8 Ways To Make the Holidays Work for Tweens & Teens

Use your ← → (arrow) keys to browse

It is hard to believe that the holidays are already upon us. The season really can bring joy, time to relax and catch up with family and friends, the pleasure of sharing meals and exchanging gifts, and the fun of taking a break from everyday routines. Yes, that’s all true even if you are the parent of tweens or teens.

There will be stress and strain, of course. Frustration. Maybe even fury. How can you ensure that you and your tweens and teens experience cheer rather than confrontation and conflict over the holiday season? What follows are some quick tips to encourage a happy holiday season.

1. Present a plan

Sit down with the whole family and discuss the holiday schedule. Letting your tweens and teens know where and when specific events will occur is a good way to avoid the frustration kids often feel when parents fail to keep them in the loop.

2. Debunk gift delusions

Head off disappointment in advance. If you know your tween or teen has his heart set on a particular present that did not make the gift list cut, gently let him know ahead of time. Although he may be disappointed, the advance notice can derail negative emotional outbursts when the presents are unwrapped.

3. Address dietary dilemmas in advance

If your tween or teen tends to be a picky eater or follows a specific dietary regime — she’s a vegetarian, a vegan, a gluten-free Paleo enthusiast — that diverges from the holiday menu, sit down and discuss alternative choices. Nothing puts more of a damper on a family meal than the complaints of a finicky eater.

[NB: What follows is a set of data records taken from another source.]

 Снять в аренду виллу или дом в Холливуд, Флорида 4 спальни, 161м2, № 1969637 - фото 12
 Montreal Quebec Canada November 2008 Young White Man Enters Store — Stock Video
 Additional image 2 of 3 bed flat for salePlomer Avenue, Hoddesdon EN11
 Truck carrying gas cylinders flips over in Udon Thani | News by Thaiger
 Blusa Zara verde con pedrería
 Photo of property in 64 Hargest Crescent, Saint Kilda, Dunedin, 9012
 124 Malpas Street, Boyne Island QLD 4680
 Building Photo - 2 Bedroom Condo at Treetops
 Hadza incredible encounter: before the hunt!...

4. Identify opportunities for down time and/or fraternizing with friends

While the holidays are usually about fun with family, don’t take your tween or teen’s desire to hang with her friends as an insult. Tweens and teens tend to be friend focused, and they can get anxious or upset if they feel like they are missing out. In addition, while your tween or teen enjoys family time, she may also need some alone time. Remember, holiday break is one of the few times during the school year when your child isn’t bogged down with school work. Respect his need for alone time.